L'Essai sur la sculpturale de Julien Blaine (1967) constitue une œuvre paradoxale qui développe les recherches sur le livre et ses possibilités comme objet : sa mobilité, sa présence, sa matérialité. Le livre n’est pas limité à son rôle support mais est pensé comme medium – développant les potentialités médiopoétiques qu’il recèle. L’œuvre se donne comme œuvre à l’œuvre et comme non objet fini : œuvre désœuvrée.

Mots-clés : Julien Blaine, livre d’artiste, medium, matérialité, corps

 

Abstract

The Essai sur la sculpturale by Julien Blaine (1967) is a paradoxical work that develops research on the book and its possibilities as an object: its mobility, its presence, its materiality. The book is not limited to its supporting role but is conceived as a medium – developing the mediopoetic potentialities it conceals. The work gives itself as a work in progress and not as a finished object: it is an idle work.

Keywords: Julien Blaine, artist’s Book, medium, materiality, body

 


 

La dimension plastique et médiopoétique du livre sera abordée à travers l’exemple privilégié de l’Essai sur la sculpturale de Julien Blaine, paru en 1967 aux éditions de la galerie Denise Davy [1]. Ce livre-limite, paradoxal, développe les recherches sur le livre et ses possibilités comme objet : son volume, sa plasticité, sa matérialité.

Né en 1942, Julien Blaine est un artiste extrêmement prolifique.

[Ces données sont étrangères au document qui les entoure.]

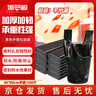 浙藍鯨背心垃圾袋黑色40*60cm100只單面2.25絲家用辦公加厚手提塑料袋 曬單實(shí)拍圖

Poète, il a publié plus d’une centaine de livres depuis 1966, réalisé des centaines de performances, animé plusieurs revues dont la revue internationale Doc(k)s, participé à de nombreuses expositions, sans compter ses multiples activités politiques, en tant qu’activiste ou en tant qu’élu à la mairie de Marseille.

Les grandes « sources » de l’artiste sont la poésie et l’art des avant-gardes d’une part, le préhistorique, l’animal et les origines du langage d’autre part. « Je suis un Aurignacien contemporain », s’exclame-t-il à propos des origines de l’écriture [2]. Et effectivement, l’archaïque – en tant que ressource d’actualisation artistique – est à l’œuvre chez Blaine. Il s’exprime dans sa fascination pour l’Aurignacien ou dans son rapport aux animaux totémiques comme l’éléphant, l’âne, le zèbre, etc. L’un de ses livres de référence, qui le marque dans sa jeunesse, est le Bestiaire d’Apollinaire illustré par Raoul Dufy en 1911 [3] : cela rejoint sa perception de l’animal-totem qu’il investit à travers livres et performances, marqués par le lien texte-image, et par le rapport animal-poème.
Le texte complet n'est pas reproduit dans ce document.